- **Exercise instructions**:
As soon as the line containing "Corner Radius DLC" appears, start repeating lines exactly and continue to the end of the entries; please skip pictures.

- **Items from a dataset**:
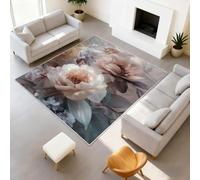 Générique Tapis Salon 50 x 80 cm, Tapis Romantique Floral Effet 3D Élégant Fleurs Pastel, Flanelle Poil Ras Moelleux Tapis AntidéRapant Moquette, pour Descente de Lit Salle de Réunion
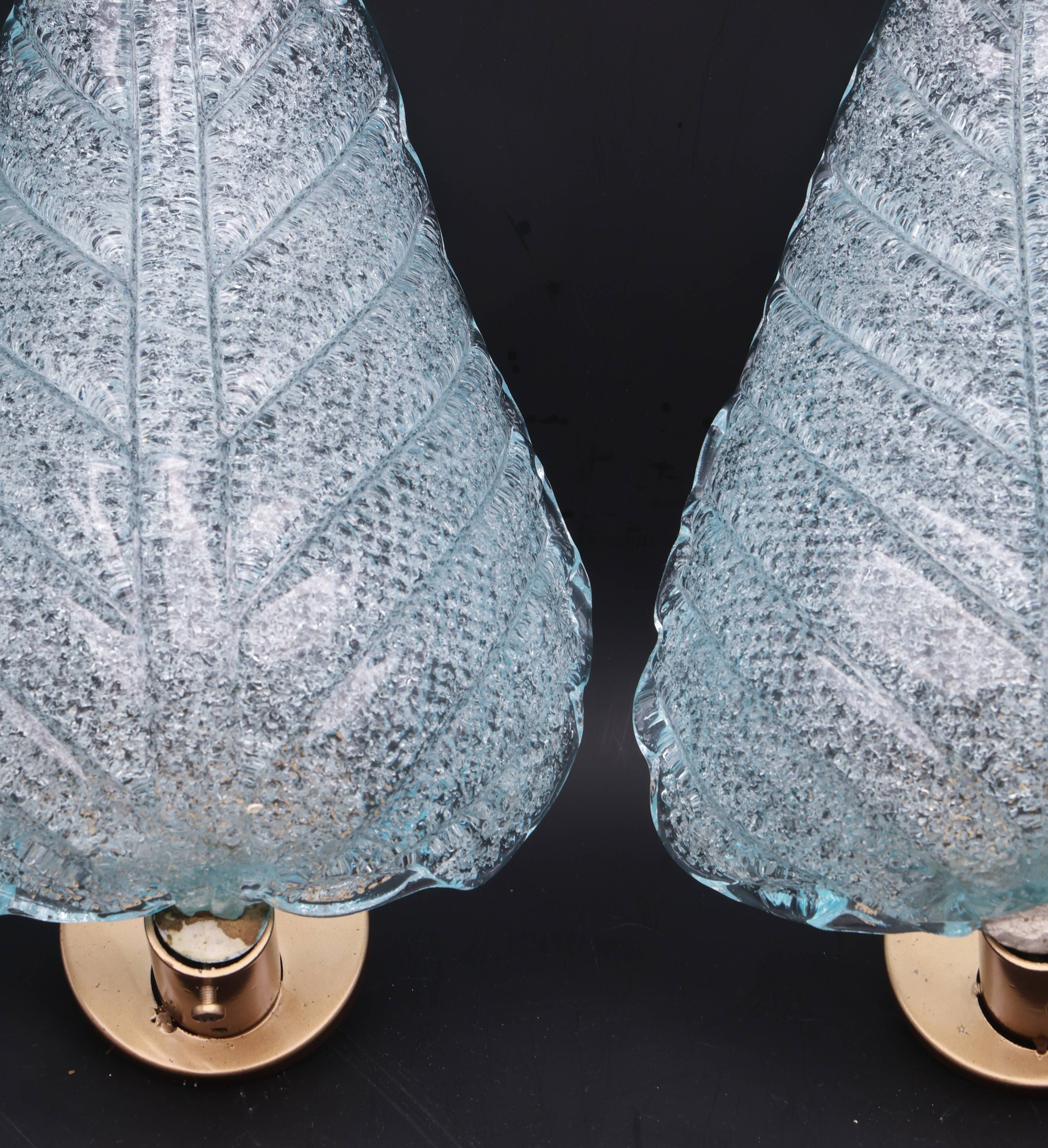 Set of 2 Wall Light Blu colour Murano Glass Leave by Barovier e Toso, 1950s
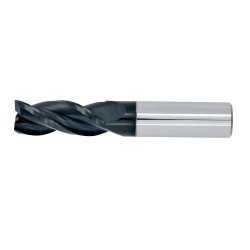 1/2" Diameter 3 Flute 1-1/4" Cut 3" Length 1/2" Round Shank 45DEG Helix Single End .030 Corner Radius DLC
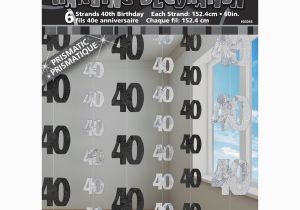 Black and Silver 40th Birthday Decorations Black Silver Glitz 40th Birthday Hanging Decorations 6pk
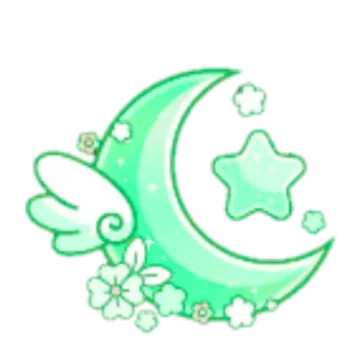 a green moon with stars and flowers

- **Exercise solution**:
 1/2" Diameter 3 Flute 1-1/4" Cut 3" Length 1/2" Round Shank 45DEG Helix Single End .030 Corner Radius DLC
 Black and Silver 40th Birthday Decorations Black Silver Glitz 40th Birthday Hanging Decorations 6pk
 a green moon with stars and flowers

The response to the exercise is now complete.